# SOURCE DATA
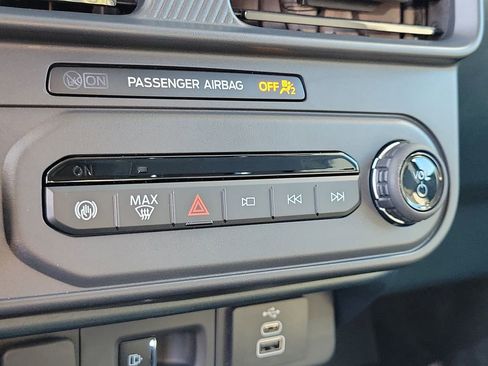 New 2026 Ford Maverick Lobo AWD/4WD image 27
--
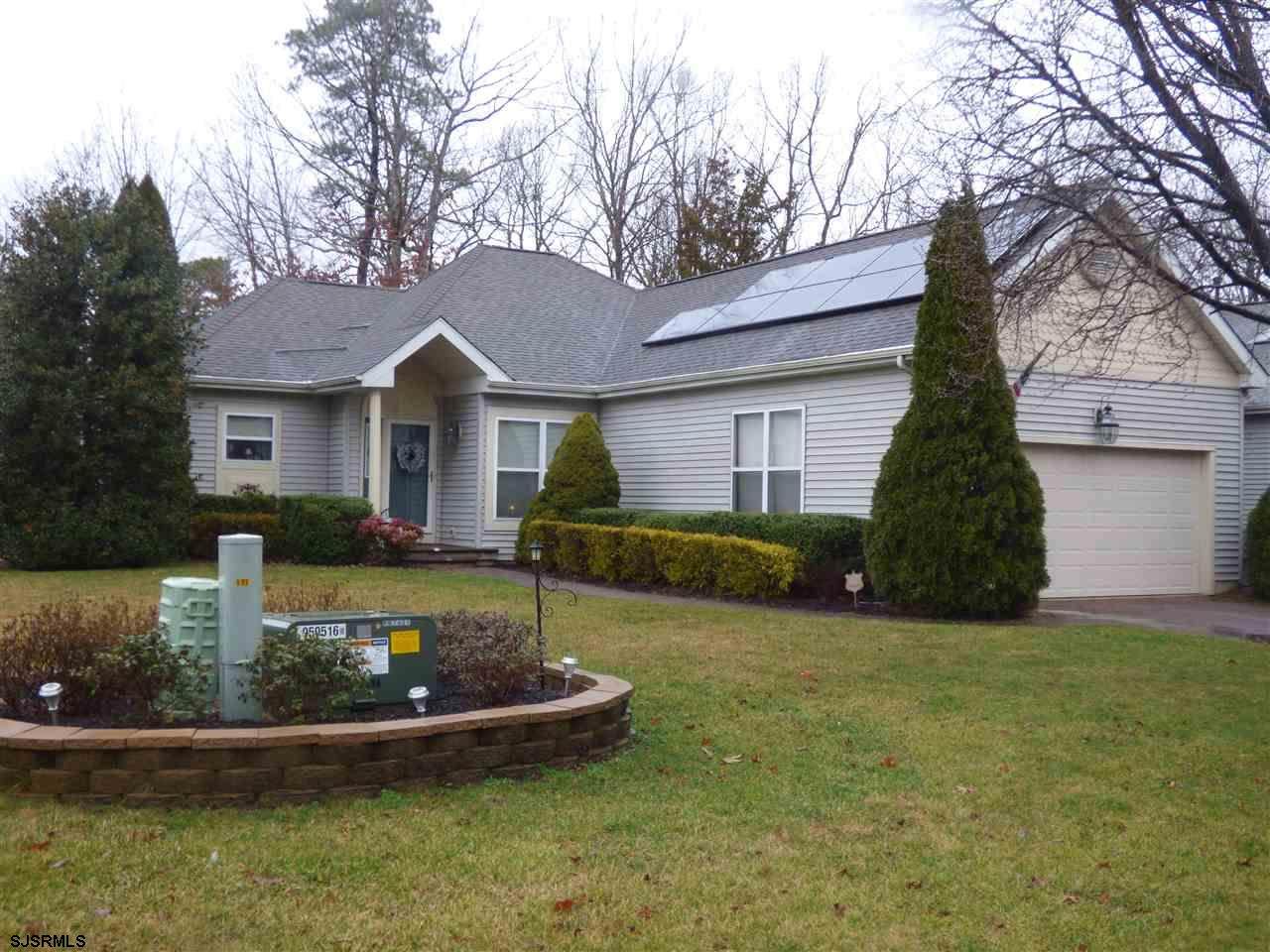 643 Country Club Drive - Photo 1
--
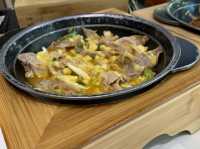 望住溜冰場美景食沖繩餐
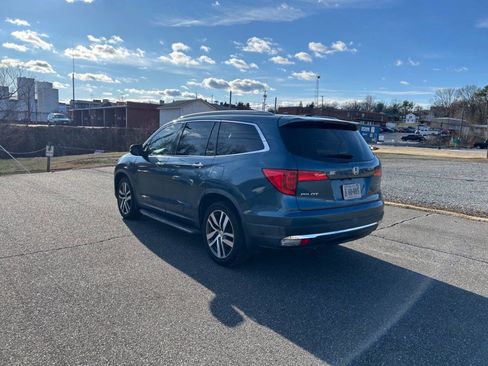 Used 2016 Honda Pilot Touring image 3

# WHAT YOU SHOULD DO
Return the stretch of data that begins with the line showing "望住溜冰場美景食沖繩餐" and goes on through the line showing "Used 2016 Honda Pilot Touring image 3", exactly, with pictures removed.

# EXPECTED ANSWER
 望住溜冰場美景食沖繩餐
 Used 2016 Honda Pilot Touring image 3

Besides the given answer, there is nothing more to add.